La Sardaigne : une « ambiance » avant tout
Voyager en Sardaigne, c’est donc s’imprégner des « ambiances » qui accompagnent la dégustation d’un capuccino crémeux sur le port de San Antiocho, d’un Limoncello dans un café de Bosa, au bord de l’estuaire du Temo, ou encore d’un verre de Cannonau sous la tonnelle d’un bar d’Argentiera presque aussi désaffecté que le village. Pas besoin pour cela de voyager en camping-car, en combi (la fameuse vanlife) ou en bateau. Le slow travel n’est pas un mode de transport, mais une disposition…
Certains barbares chassent les bêtes sauvages, d’autres, en mal d’adrénaline, « chassent » les images de tornades, d’autres « collectionnent » les voyages, mais les plus humbles « capturent » les ambiances, à moins que ce ne soient les ambiances qui les capturent.
Mais, qu’est-ce qu’une « ambiance », si indissociable du slow travel ?

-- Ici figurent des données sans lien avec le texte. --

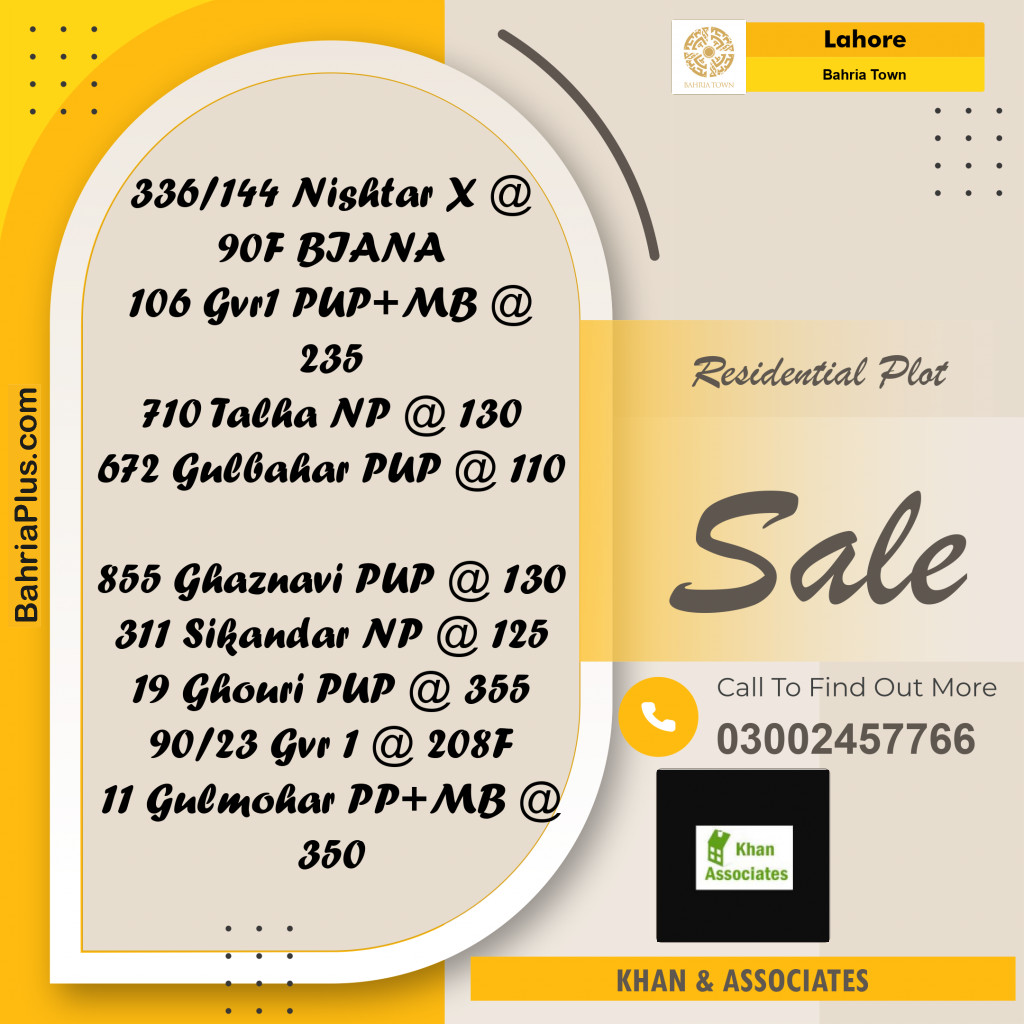 Residential Plot for Sale in Bahria Town, Lahore - (BP-216663)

Une ambiance, c’est la confluence harmonieuse des cinq sens, celle-là même qui procure ce « désir lancinant » de ne pas bouger, puis de revenir. Une ambiance, c’est personnel, intime, c’est une sorte d’auberge espagnole, où l’on ne rencontre que ce que l’on est capable de trouver au fond de soi. Ce peut-être un point de vue (un paysage), mais aussi une luminosité, un bruit ou l’absence de bruit, le confort d’une chaise, le goût du café, l’odeur du tabac avant d’allumer sa pipe. Mais, plus encore que tout cela, une ambiance est ce cocon où l’incompréhension du monde qui nous entoure devient secondaire, peut-être par crainte de succomber à son amertume.

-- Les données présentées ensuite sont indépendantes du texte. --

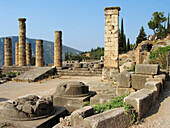 Apollon Temple, holy district, Delphi, Fokis, Greece.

Une ambiance, c’est aussi la poésie d’un instant volé à la course du temps, et le temps d’un haïku griffonné sur un moleskine :
Ce soir sur la mer
Le soleil en funambule
Plonge et disparaît
Retour de Sardaigne
À son retour, l’adepte du slow travel ne se pose pas les mêmes questions que le touriste ordinaire, qui se demande de façon très binaire si « la Sardaigne, c’était bien ou pas ? » Je ne sais pas ce que veut dire « bien », ni ce que signifie « faire » la Sardaigne. Le touriste « découvre » un lieu, il le « fait » ; le slow traveller « se découvre » grâce à un lieu, une ambiance, un paysage…
Ainsi, si les voyageurs aiment échanger leurs impressions sur les destinations parcourues, les ressentis sont souvent différents : assurément, « mon » Porto Torres, au charme certain, n’est pas celui du Guide du Routard, qui qualifie la ville de « pas très sexy ».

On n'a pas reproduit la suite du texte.